Hi folks! Today, let’s take a look at a recent Asterisk issue: ASTERISK-29365.
The graceful shutdown is intended to allow every part of the running Asterisk process a chance to shutdown, rather than being abruptly halted. The intention being that provided the chance to do so, each running task should be able to de-allocate all memory and halt successfully. As taskprocessors are expected to do this very kind of thing, their design must adhere to this requirement.
So must also the taskprocessor mechanism itself.
In the case of ASTERISK-29365, the taskprocessor mechanism shutdown process created a race condition with any running taskprocessors that could result in a NULL reference on shutdown. As we are trying to do so gracefully in order to demonstrate that we can, this is quite annoying.
So why was this happening?
Part of the taskprocessor mechanism is a static structure tps_singletons ao2 container.
/*! \brief tps_singletons is the astobj2 container for taskprocessor singletons */ static struct ao2_container *tps_singletons;
This container holds references to all running taskprocessors, which are linked to the container upon allocation. As each taskprocessor runs and completes tasks, it checks how many references to itself still exist. Once we get down to the final 2 (the container and the listener that operates the taskprocessor) then the taskprocessor unlinks itself from the container and signals the listener to shutdown.
As each taskprocessor handles it’s own shutdown, so does the taskprocessor mechanism. To help with this Asterisk contains a mechanism by which you can register a call back on shutdown. The taskprocessor mechanism takes advantage of this on initialization to register a call back when Asterisk is ready to shutdown.
What was happening in this case is that the call back to the registered shutdown function:
static void tps_shutdown(void)
…was cleaning up it’s references to the tps_singletons container (as it should) without checking to see if there were any taskprocessors still running with references to it (which it should have but didn’t.) If one of those taskprocessors was still around and attempted to unlink the container after the tps_shutdown callback cleared it, the result was a bad ao2 reference and we weren’t able to shutdown gracefully, making everyone very upset.
So in this case we could do a few things. We could check that the container still existed and if not abort, but then we would have to check each an every call as the container could be removed at any time. We could go and find all taskprocessors and manually kill them, but then their data may not get cleaned properly if there were still tasks in its queue.

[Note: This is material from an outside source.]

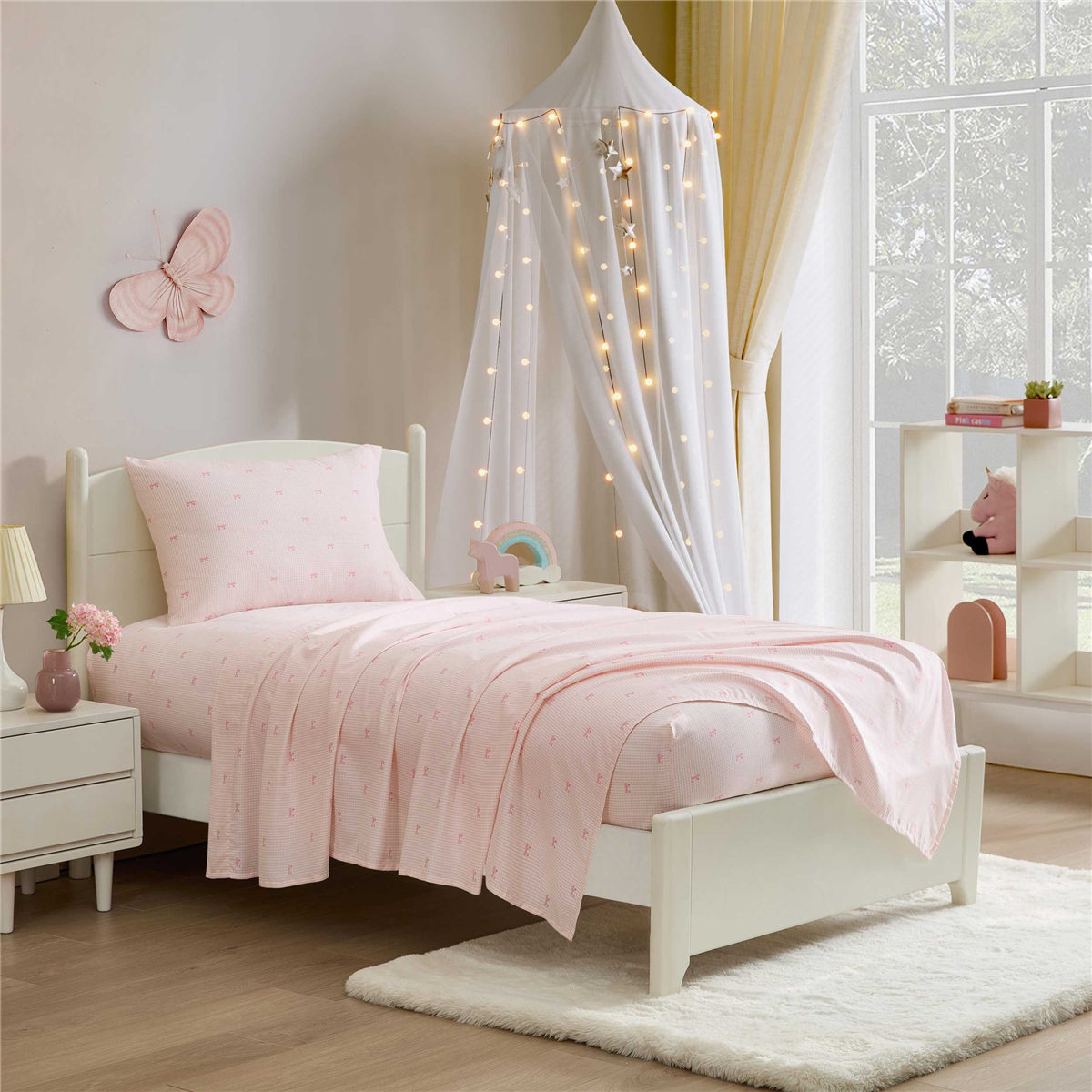 Laura Ashley Tiny Bows Sheet Set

So in this case, we choose to give the taskprocessors a reasonable chance to cleanly shut down and assume that after that time any references that still exist to the tps_singletons are due to bugs elsewhere.
So what can we learn from this?
When Asterisk shuts down, all modules are unloaded before the final call backs. As these modules unload they should also terminate their own taskprocessors. When they do this, they can choose to join the taskprocessor thread until it terminates or allow the taskprocessor thread(s) to shutdown without joining.
If we are simply unloading a module it’s not a tremendous deal to let the running taskprocessor threads clean themselves up, as they are designed to do. Even in most shutdowns. But we are trying to preserve data. So unless we add the requirement that all modules ensure their running taskprocessors are cleaned up before returning from an unload then we have to allow the taskprocessor shutdown process time for this to occur.
Locking quasi-global data (static to our loaded mechanism) is generally how we handle keeping data consistent between running threads that share it. But in this case the shutdown performs an action that can’t be locked – freeing the data – so we must make sure that all references to it are removed before proceeding.
This also allows for a clean graceful stop.
Ignoring issues at shutdown is easy, I mean we are shutting down anyway, right? The problem is, crashing on shutdown causes issues on a production system. In this case automated tests were throwing errors intermittently which made them prone to false errors.
Tests that give false errors aren’t very useful and code that generates core files because it can’t shutdown properly are not things we want to leave behind.